- **RECORDED DATA**
════════

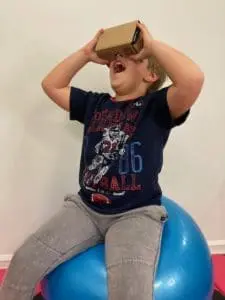 A young boy wearing a dark blue shirt with a football graphic sits on a blue exercise ball, holding a Google Cardboard viewer to his eyes.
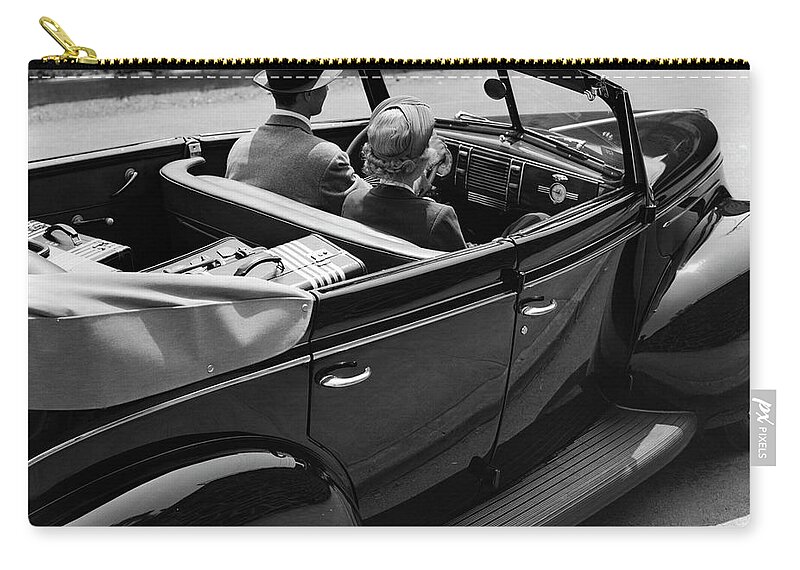 Heterosexual Couple Zip Pouch featuring the photograph Backview Of A Man Driving A Sedan by H. Armstrong Roberts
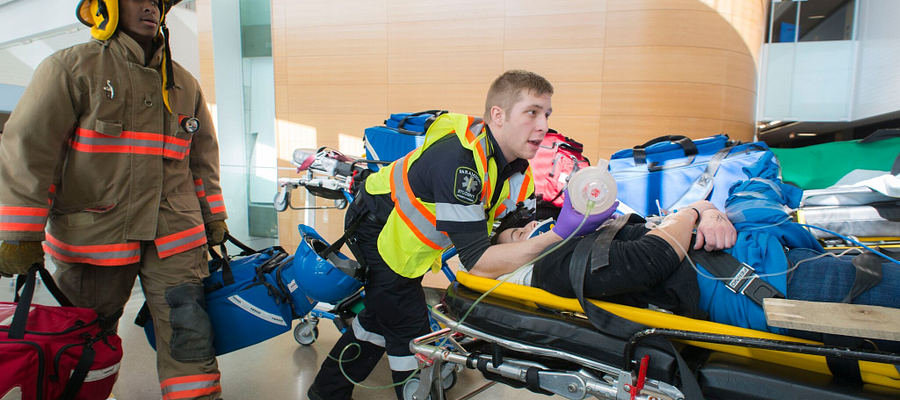 Centennial College paramedic and pre-service firefighter students participating in the mock disaster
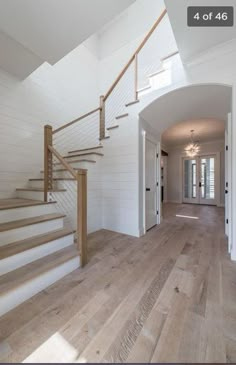 an open floor plan with stairs leading up to the second story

════════

- **AIM OF THE EXERCISE**
What is needed is an exact transcription of the lines from the one holding "Centennial College paramedic" to the end of the data, with every picture left out.

- **REPLY TO THE EXERCISE**
 Centennial College paramedic and pre-service firefighter students participating in the mock disaster
 an open floor plan with stairs leading up to the second story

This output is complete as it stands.